Okorafor-Mbachu gives us a fascinating and well-informed critique of the "magical negro" construct. In the article, she questions its origins, which seem lost in time. However, I'd like to suggest that the lost origins of this construct are not only still quite current but also likely to become a growing issue for fantastic genre modes: that is, a white-identified, European-American sense of separation from folk roots, out of which magical ideation almost always springs in narrative. Celtic folks roots have become the commonplace amongst contemporary white writers as the source of magic. However, the very commodification of Celtic folk roots within American culture has rendered that mode less authentic as well as less immediately creative. I sat not a year ago with a white Canadian fantasy writer who bemoaned her own lack of minority origins. She wanted to move away from Celtic sources--which she could not even legitimately own, given her English and German heritage--but did not feel she should appropriate minority cultures (that is cultures of color) for her work.

So, white writers have turned to other folk traditions as sources of magic, those which are related to their own more broadly American (or Canadian, etc.) social cultures, if not originating, ancestral ones. These writers tend, like King, to be ones who hold liberal attitudes toward race.
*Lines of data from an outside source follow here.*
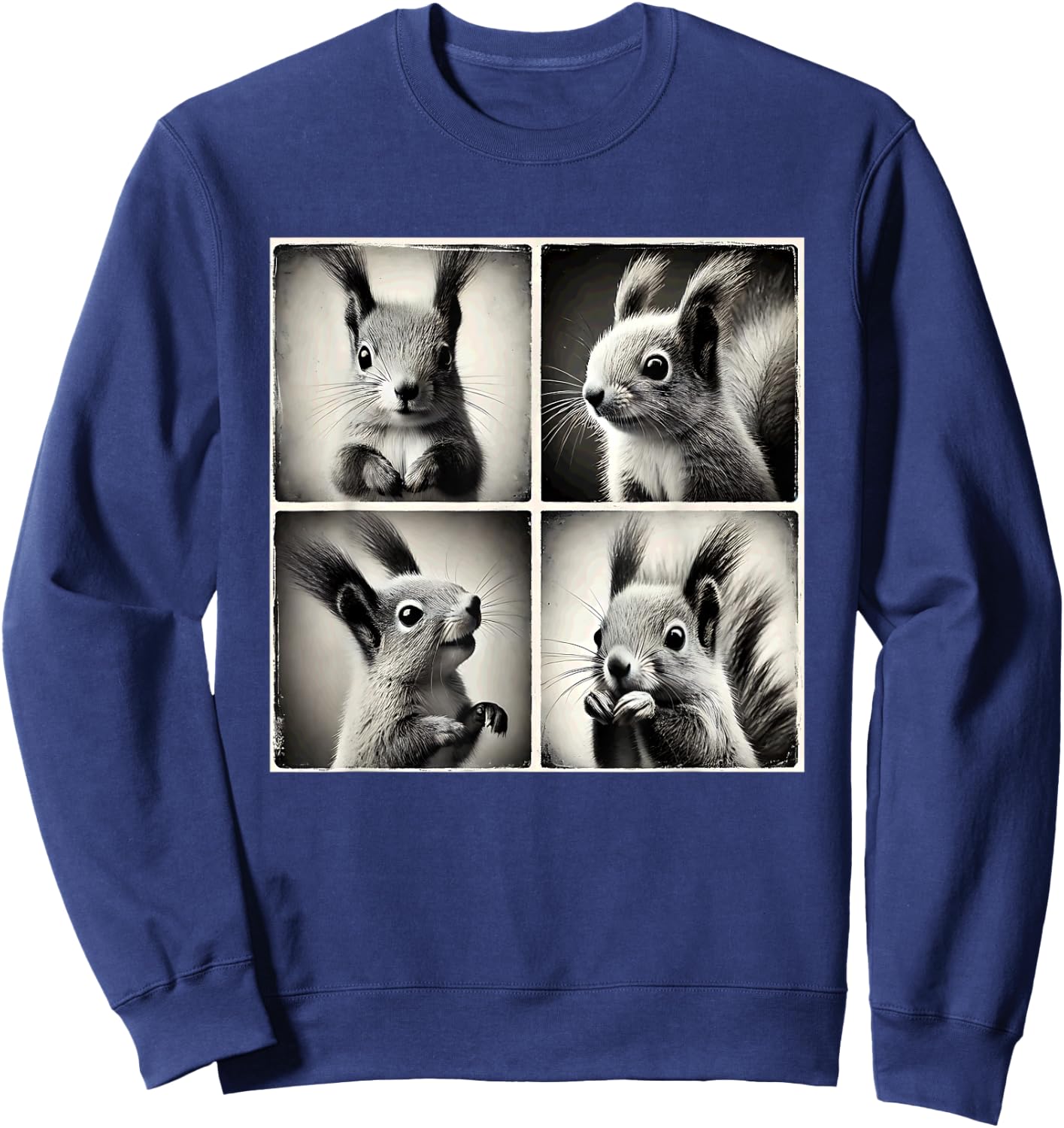 Squirrel Selfie Funny Cute Meme Art Vintage Animal Lover Sweatshirt - Sweatshirt | Navy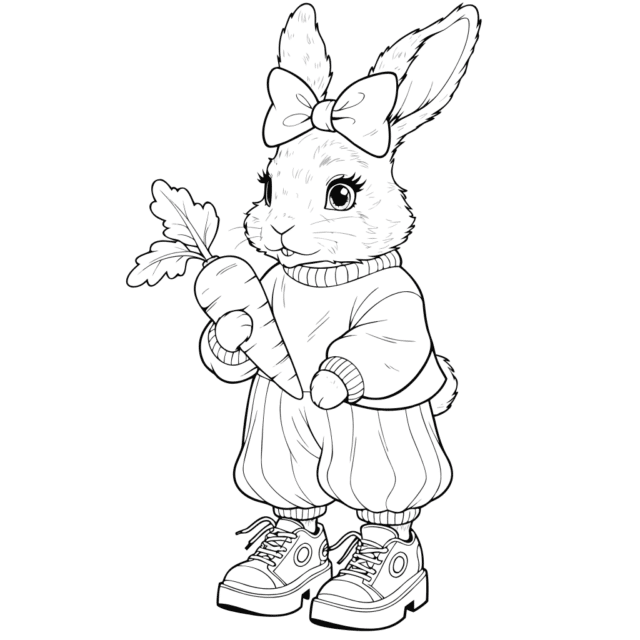 Онлайн розмальовка кролик безкоштовно для дітей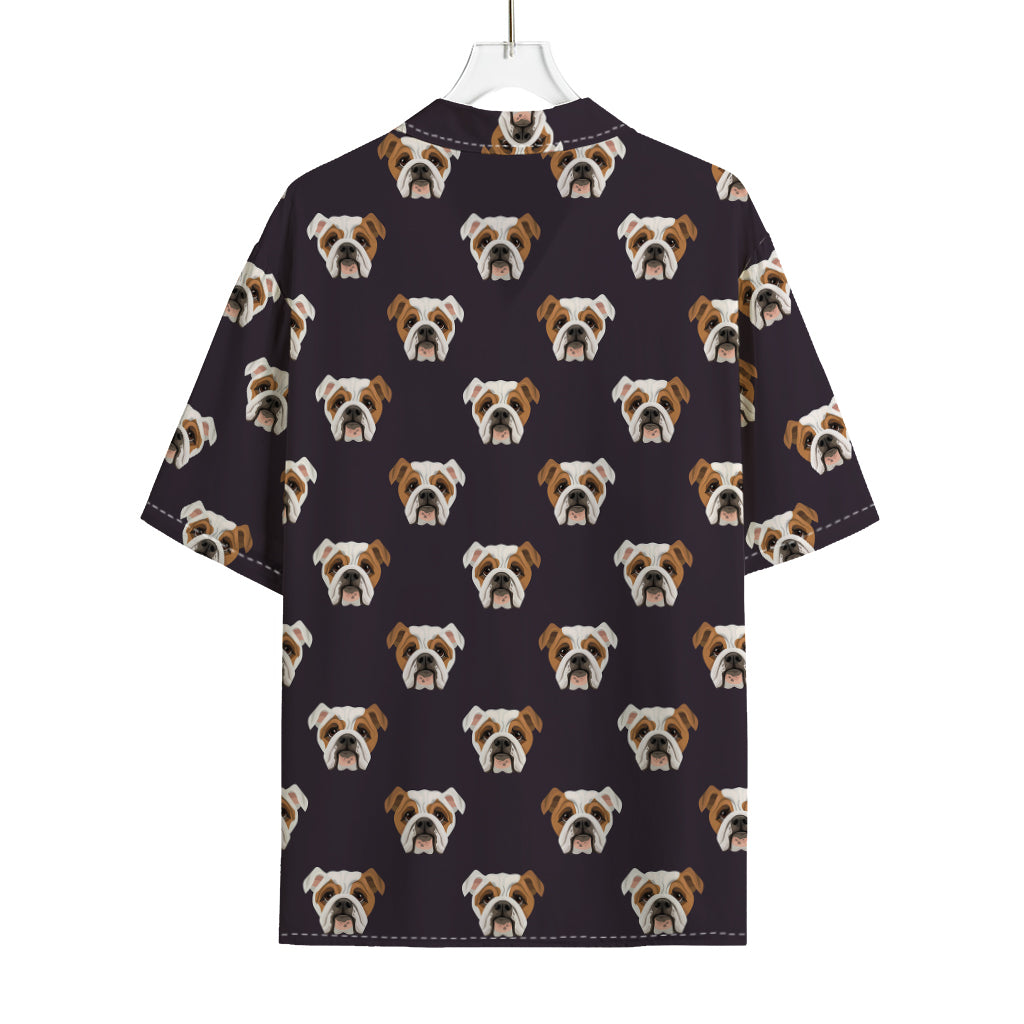 Cute English Bulldog Pattern Print Rayon Hawaiian Shirt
Their assignation of magic (that is, folk authenticity) and nobility (sacrifice) to minorities has to do, I would argue, not with an implicit denigration of or utility value for people of color, but a growing sense of their own (white) race's disconnect from an authentic culture of origin (the reasons for this are complicated, but have to do with the general decline of white ethnic identity in the media, the atomization of society and movement away from family and community traditions centering on ethnicity among whites, an increased minority cultural presence that monologizes white identity).

Moreover, I'd like to suggest that these white writers are motivated not just by a sense of their own culture's inadequacy as a source of magic, but equally importantly by the sense of minority culture's having preserved a greater link to their cultural traditions, even if these are ones fabricated through a romanticized white imagination. Moreover, to liberal whites, minority figures become especially desirable as morally privileged figures because of their people's historical victimization. Although Okorafor-Mbachu makes a good point that the magical negro figure may actually reproduce such patterns of victimization through the minority figure's objectification, effacement, and function as an assist to whites, the figure also achieves its empowerment through the logic of victim politics (which, in the modern literary period and after also led to Jewish folk tradition as a source of fantasy, one that may even be reflected in the extra-narrative but now hip Kabbalah movement among the goyim). Contemporary writers' self-consciousness about the magical negro / noble minority construct has become so pronounced, that often we are now able to see a new turn on the old screw: blacks are being given heroic and leadership positions, such as the Oracle and Morpheus of The Matrix, and whites (especially older white men) are being given villain positions (God, Agent Smith, the Judas). Moreover, the usual protagonists of fantasy and action films, which have long been white male rebels over more conservatively scripted white male heroes, are now shifting toward female and minority figures.

In American action cinema of the last decade or so, I have noticed a corresponding increase not only in the regular presence of a black male amongst the survivors of violence, when the main protagonist / hero is a white male, but a tendency of that black male to either be the sole survivor with a white female (the white male hero makes the sacrifice) or to the one who sacrifices himself that the white male and white female might have a romantic ending. The pattern is so pronounced that it is possible to predict that last three individuals standing at the end of films, based solely on gender and color. The motivation for this is a desire for inclusiveness, for multicultural sensitivity, for racial awareness on Hollywood's part. We can find claim -- and reasonably so -- that this is Hollywood's not having gone far enough, or American society's not having come far enough. But, the fact remains that this is likely a transitional strategy that seeks greater inclusiveness and cultural prestige for minorities.

The problem for fantasy authorship, however, remains: Where can or should white European-American writers go for an authentic (seeming) source of magic in their work? What can they legitimately own? What folk roots are left to them, given on the one hand the overexposure and tired exploitation of existing origins (however tenuous time renders them) and on the other hand the cultural revision of those roots into something perhaps less than heroic and socially inclusive?